Eat Better, Eat Together

Communal meals are on the decline: a fact that has serious implications for our mental and physical health and well being.

Sales of dining room tables have dropped, and the average American eats 1 in 5 meals in their car. People in the UK reported eating as many as 60% of their meals in front of the television, and a recent study found that nearly half of American families eat dinner together fewer than three times a week, or not at all.

Every year, October serves as Eat Better, Eat Together month, to promote better eating habits and awareness around the benefits of sharing meals with family and friends.

Eating family dinner together is associated with making healthy choices, such as eating more fruits and vegetables, and less junk food and soda. Children who participate in frequent family meals are more likely to be in a normal weight range and have healthier eating patterns than those who share fewer than three weekly meals together with their families. They also were found to be less likely to engage in eating disordered behavior than those children who did not regularly share meals with their family.

Communal meals aren’t just important for the health of our children. Eating together, instead of while working at our computers or watching TV, benefits adults, as well. The Harvard Health Blog reported that eating  in front of the television or while distracted, can lead to the consumption of an additional 10% more calories during the meal, and 25% more calories throughout the day, regardless of where later meals are had. These implies that even one distracted meal per day can have a lasting impact on our waistline.

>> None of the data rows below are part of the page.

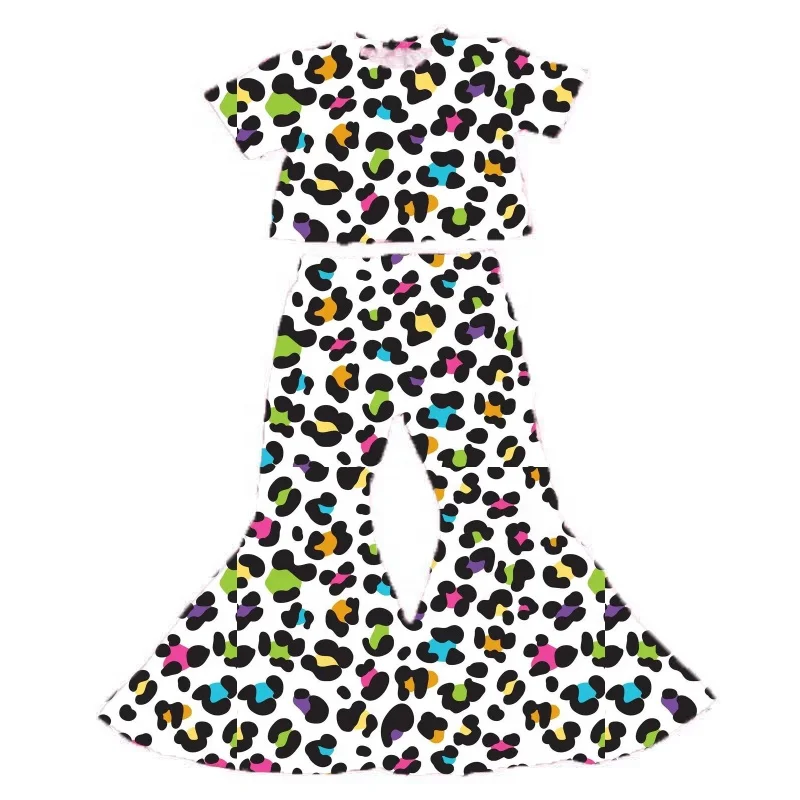 new custom design girl Leopard Print T-shirts+ Leopard Print bell pants suit 2-piece set Lovely baby girl clothes
new custom design girl Leopard Print T-shirts+ Leopard Print bell pants suit 2-piece set Lovely baby girl clothes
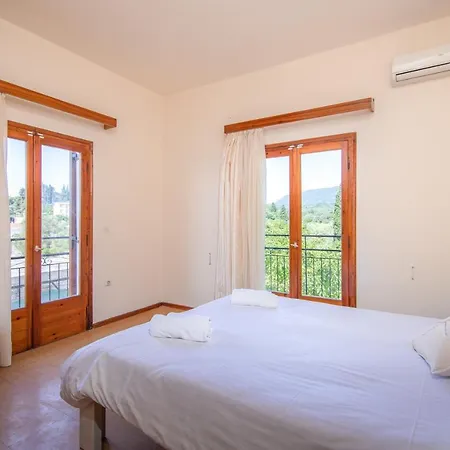 Christina Mare Apartment *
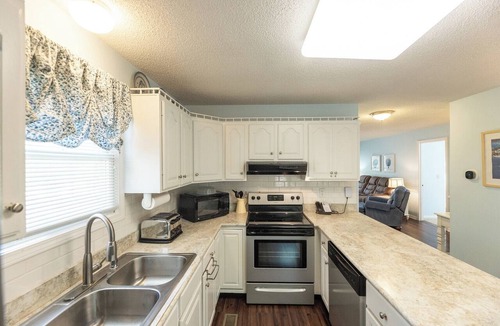 Grand Rivers Condo | Three Bedroom Hurst Heaven Condo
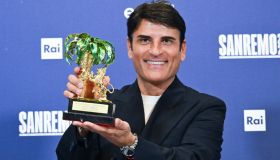 Sal Da Vinci cade dalle scale a Domenica In: lo spavento di Mara Venier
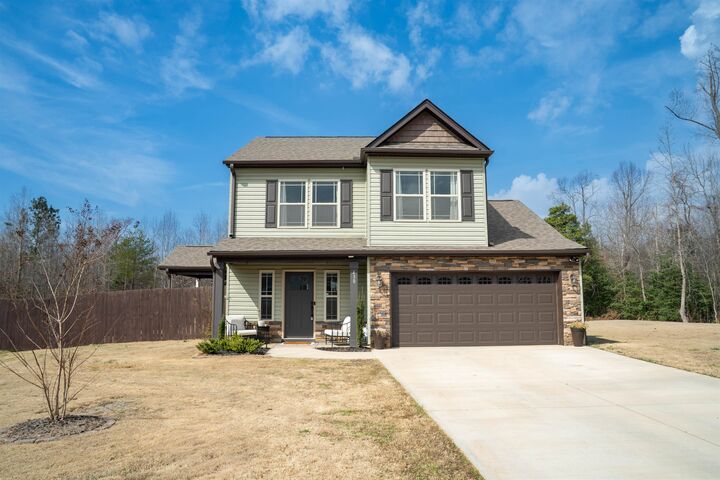Property Photo: 430 Bud Farmer Place SC 29349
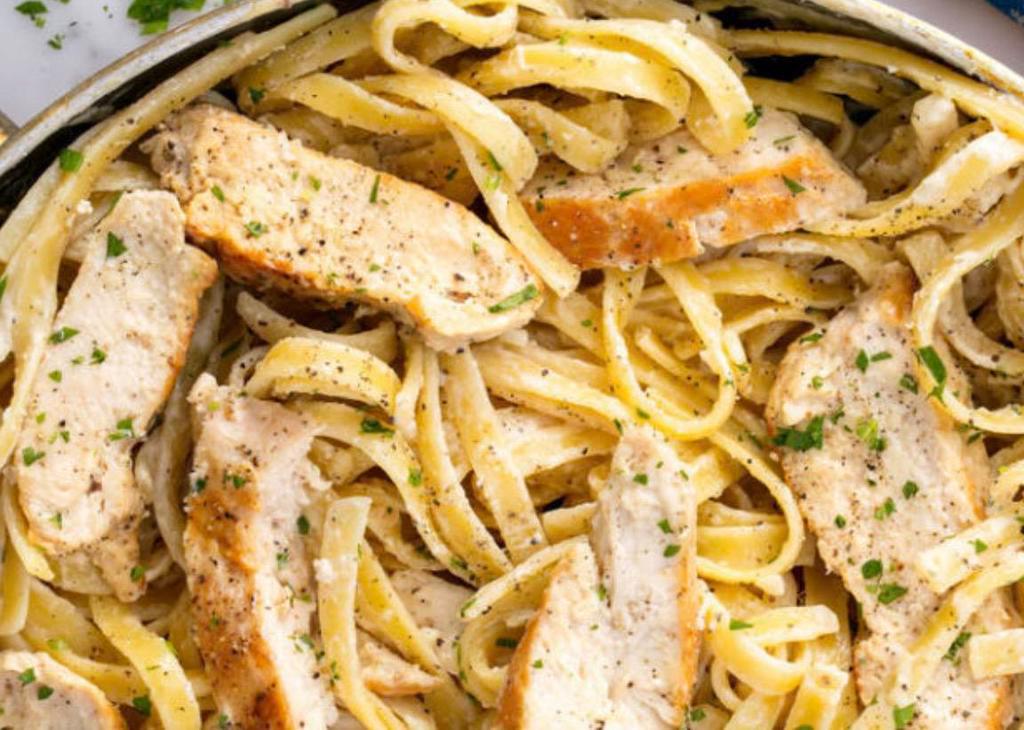 Fettuccine Alfredo with Chicken · Pasta in white or red sauce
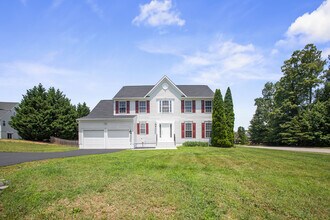 4001 Mossy Bank Ln in Fredericksburg, VA - Building Photo - Building Photo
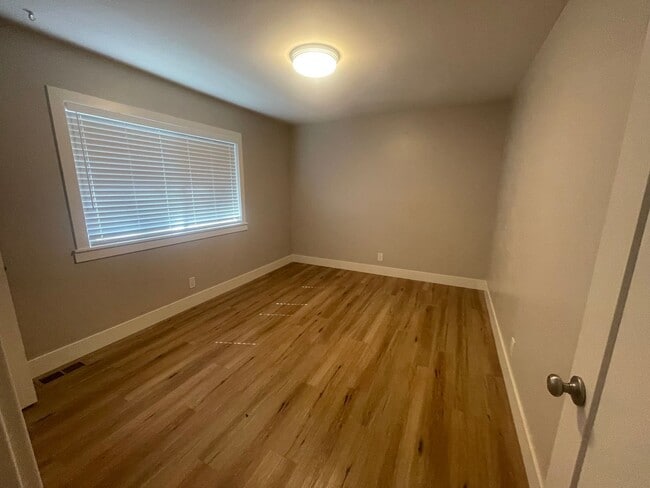 Building Photo - Beautifully Updated Townhouse in Madison V...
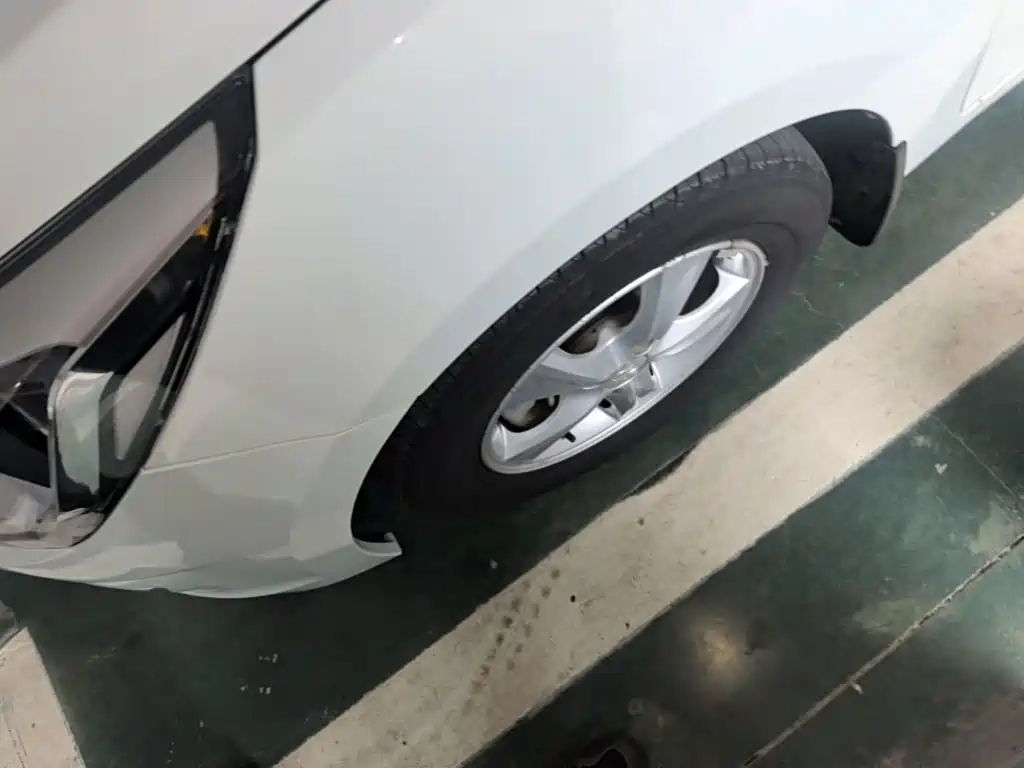 Hyundai Verna 2016 — фото 23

Eating together promote healthier habits and food choices for the entire family. It also provides much needed community among family and friends, and builds bonds over shared experiences.

So, how do we start incorporating more communal meals into our busy lives? Here are a few tips.

Schedule Family Meals

By putting family meals on the calendar, you can be sure you are accommodating the entire family’s busy schedule. Having a calendar can help change behaviors, and planning in advance can help circumvent excuses that prevent large get togethers. It can also illustrate to the entire family that this is an important time, and show your kids how much you care about them.

Choose Themes For Family Meals

Meal themes can take on many forms, and they are a great way to promote fun bonding among family members. Choose another country’s native cuisine, and ask kids to source fun recipes they’d like to try. Or, set a breakfast date for the entire family to prepare the meal together. This isn’t limited to the morning, either!  Breakfast for dinner is very popular among children, and could get them looking forward to the meal days in advance!

Ask Your Family What They Want

This isn’t just limited to adolescents. Ask your partner and older children, too. We are more invested in an outcome when we are able to contribute in some way. If you’re the one preparing the meal, it also gives you the chance to hear what it is your family craves, and then put a healthier spin on it.

Get Out of The Dining Room

Pack a picnic, go to a new restaurant, or plan an even larger communal meal at a friend’s house. Bringing two different families together has the potential to re-normalize communal meals, as your family will see this is a habit others participate in as well.

Remember, habits may take a while to form! Even if your family seems resistant at first, keep trying. The benefits of eating together are too worthwhile to ignore!